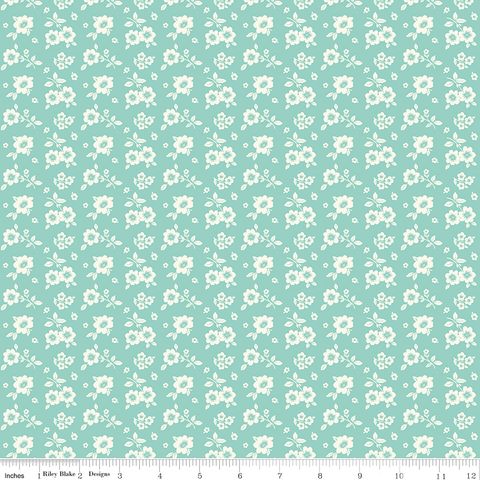 BAYROSE COTTAGE WILD FLOWERS AQUA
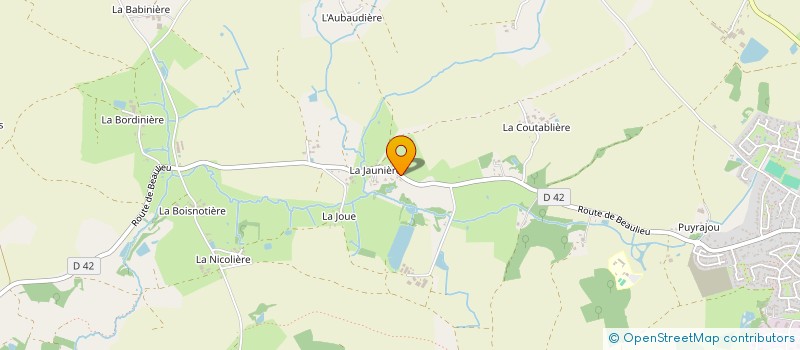 localisation de l'entreprise MADAME MARIE AUBRY  VENANSAULT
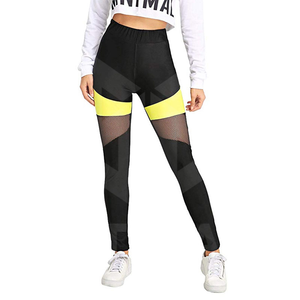 กางเกงโยคะเอวกลางสำหรับผู้หญิง สวมใส่สบาย ระบายอากาศได้ดี ลายเรียบ ดีไซน์ใหม่ล่าสุด รับผลิตแบบ OEM - Product Image 1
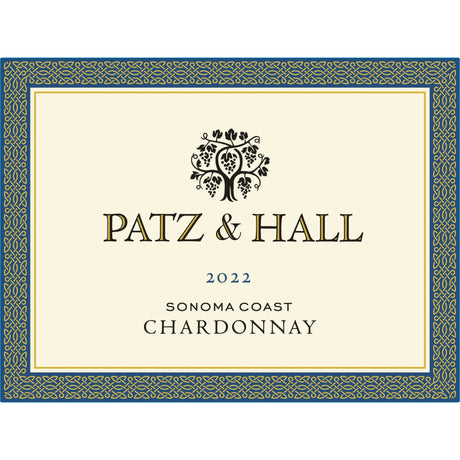 Patz & Hall Sonoma Coast Chardonnay 2022 white wine bottle 750mL from USA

====

▸ Task to carry out:
All of the data is to be returned exactly, with no pictures included.

▸ Output for this exercise:
 BAYROSE COTTAGE WILD FLOWERS AQUA
 localisation de l'entreprise MADAME MARIE AUBRY  VENANSAULT
 กางเกงโยคะเอวกลางสำหรับผู้หญิง สวมใส่สบาย ระบายอากาศได้ดี ลายเรียบ ดีไซน์ใหม่ล่าสุด รับผลิตแบบ OEM - Product Image 1
 Patz & Hall Sonoma Coast Chardonnay 2022 white wine bottle 750mL from USA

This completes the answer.